Cuando nada es lo que parece ser
El prólogo de No se lo digas a nadie puede llamar a engaño. Esas sonrisas y el chocar de copas del inicio muestran los únicos momentos de felicidad de los personajes, en especial, el del matrimonio de un reputado pediatra (Francis Cluzet) y su esposa. A los pocos minutos, surgirá la tragedia y, ocho años después, comenzarán los interrogantes sobre el hecho luctuoso. Ocurre que, por medio del envío de mails, el pediatra descubrirá o no, quién sabe, que su mujer no murió.
Contar las mil vueltas de tuerca de la película sería una falta de respeto para el lector, pero también, una proeza imposible de sintetizar en estas líneas. No se lo digas a nadie es un policial en el que nada es lo que parece ser, donde la trama irá acumulando a una multitud de personajes (familias, policías, marginales), como si se tratara de un juego de cajas chinas atractivo de ver, pero demasiado enroscado en sí mismo, gratuito por momentos, que hasta necesita recordar en muchas ocasiones por dónde viene la historia.

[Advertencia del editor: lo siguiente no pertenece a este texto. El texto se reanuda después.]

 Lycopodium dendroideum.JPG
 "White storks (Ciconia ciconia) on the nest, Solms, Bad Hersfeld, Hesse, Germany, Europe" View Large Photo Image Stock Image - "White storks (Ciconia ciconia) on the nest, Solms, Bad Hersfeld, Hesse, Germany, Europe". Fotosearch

Sin conocer la novela de Harlan Coben en la que se basa la película, las idas y vueltas del relato recuerdan a los argumentos policiales teñidos de psicología familiar de Guy des Cars, aquel escritor bestseller de los años cincuenta y sesenta. En ese punto, el film gana en interés por su acumulación de tramas y subtramas en las que se revuelve un pasado familiar. En oposición, resulta injustificada su duración, más aun cuando algunas escenas están contadas a través de una estética videoclipera, que incluye hasta la voz de ¡Bono!
En pocas palabras, un ejemplo de cine mainstream… de origen francés.